In this article, we will dive into the concept of SQL Server PolyBase external tables with Azure Blob Storage. PolyBase is a feature available in SQL Server 2016 and onwards that allows processing data using native SQL queries from external data sources. It is a database scoped configuration, which sets it apart from the popular Linked server feature.
PolyBase supports various data sources for external tables, including SQL Server, Oracle, MongoDB, Hadoop, Azure Blob Storage, Teradata, ODBC, and Generic types. In this article, we will focus on using Azure Blob Storage as the external data source.
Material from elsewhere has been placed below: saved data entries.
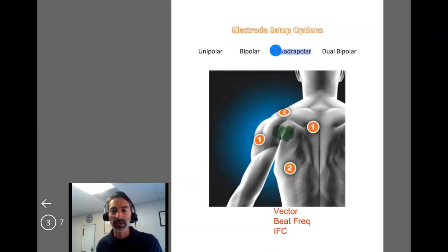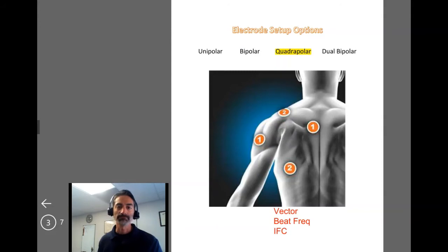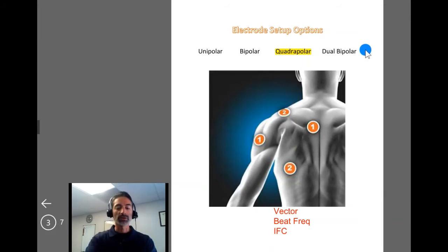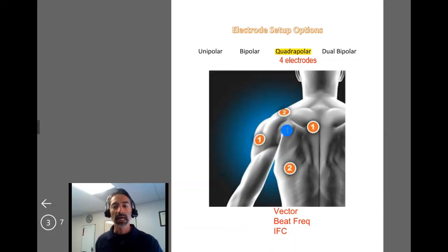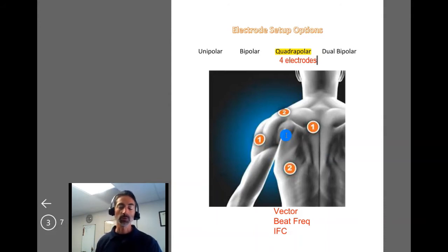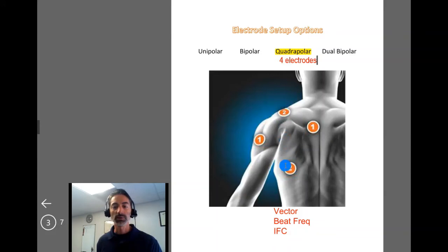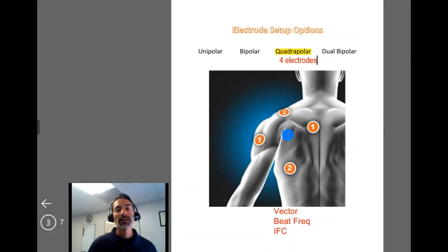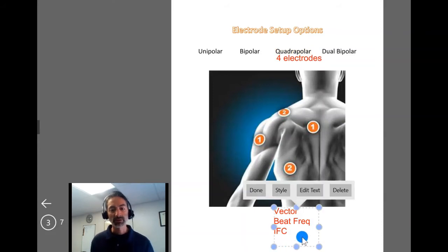This is a quadrupolar setup. A quadrupolar setup always involves — as the name implies — four electrodes. The treatment location is where those two channels intersect. The current is delivered in alternating current, bouncing between the two electrodes in channel one and between the two electrodes in channel two. This quadrupolar setup is most associated with IFC.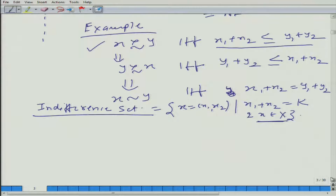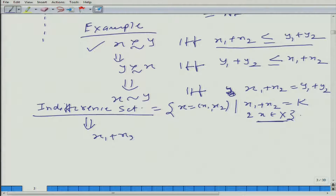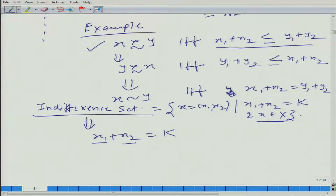What we are getting, or let us say, if we abuse this notation a little bit, what we can say is that the indifference set is given by x1 plus x2 is equal to k. The bundles which, if we add the quantity of good 1 and good 2 and get k, would be on the same indifference curve. If we change the value of k, we will get a different indifference curve.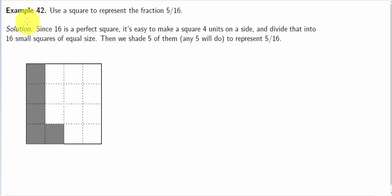Hello there. Example 42: use a square to represent the fraction 5 divided by 16, or 5 over 16. Since 16 is a perfect square, it's easy to make a square 4 units on a side and divide that into four small squares of equal size.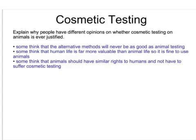People in different countries have different opinions on whether we should be testing cosmetics on animals, and there are people even within the same country who have differing opinions. Some people think the alternative methods will never be as good as animal testing, and some people think that human life is far more valuable than animal life so it's fine to use animals. But others believe that animals should have similar rights to humans and not have to suffer cosmetic testing. You may, in an exam question, have to justify why there is this difference in opinion.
To get started, we need to configure the PolyBase feature in SQL Server. If you are using SQL Server 2019, you can enable the PolyBase feature by running the following command:
EXEC sp_configure 'polybase enabled', 1;
GOAfter enabling the PolyBase feature, you need to set the connectivity to support Windows Azure Blob Storage (WASB driver) by running the following command:
EXEC sp_configure @configname = 'hadoop connectivity', @configvalue = 7;
GONext, you will need to obtain the access key for your Azure Storage Account. This can be done by navigating to the Storage account page, selecting Settings, and then Access keys. Make sure to note down the storage account name, container name, and access key.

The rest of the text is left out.